COLLECTED DATA:
◆ ◆ ◆ ◆
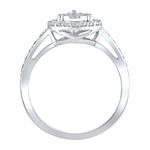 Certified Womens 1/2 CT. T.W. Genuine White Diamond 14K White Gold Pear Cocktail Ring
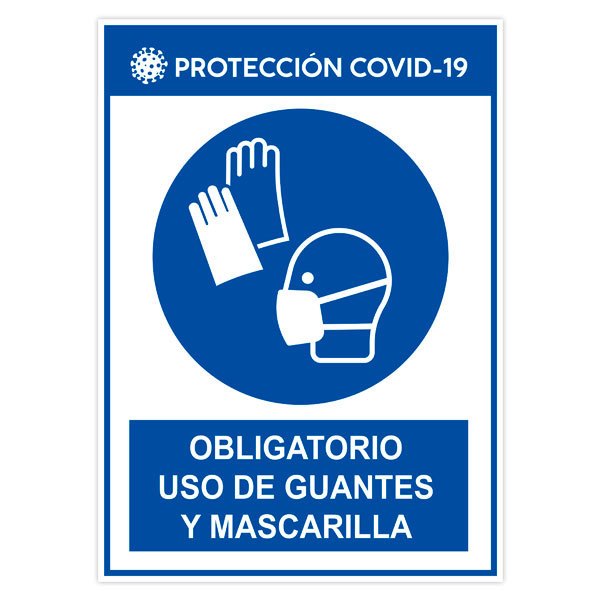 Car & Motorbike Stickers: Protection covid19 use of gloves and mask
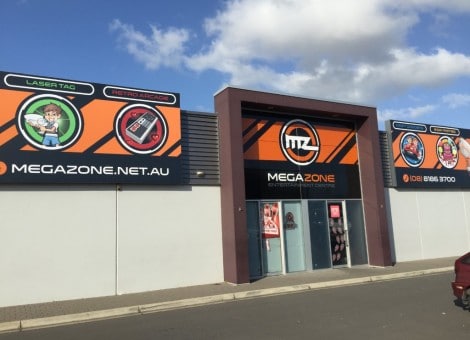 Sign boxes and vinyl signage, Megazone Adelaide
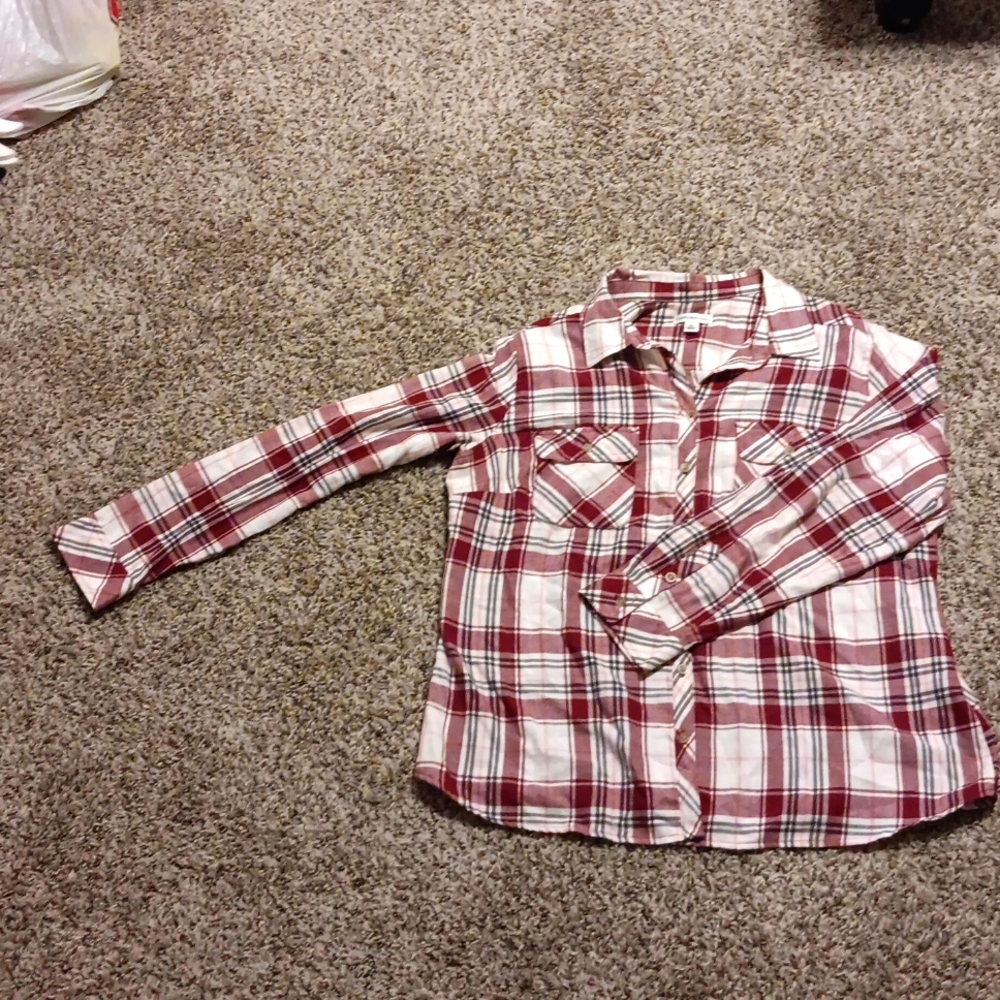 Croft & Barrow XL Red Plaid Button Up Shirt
◆ ◆ ◆ ◆
TASK TO COMPLETE:
Leaving out every picture, extract verbatim the lines from the one containing "Sign boxes and" through the last line of the listing, inclusive.

YOUR RESPONSE:
 Sign boxes and vinyl signage, Megazone Adelaide
 Croft & Barrow XL Red Plaid Button Up Shirt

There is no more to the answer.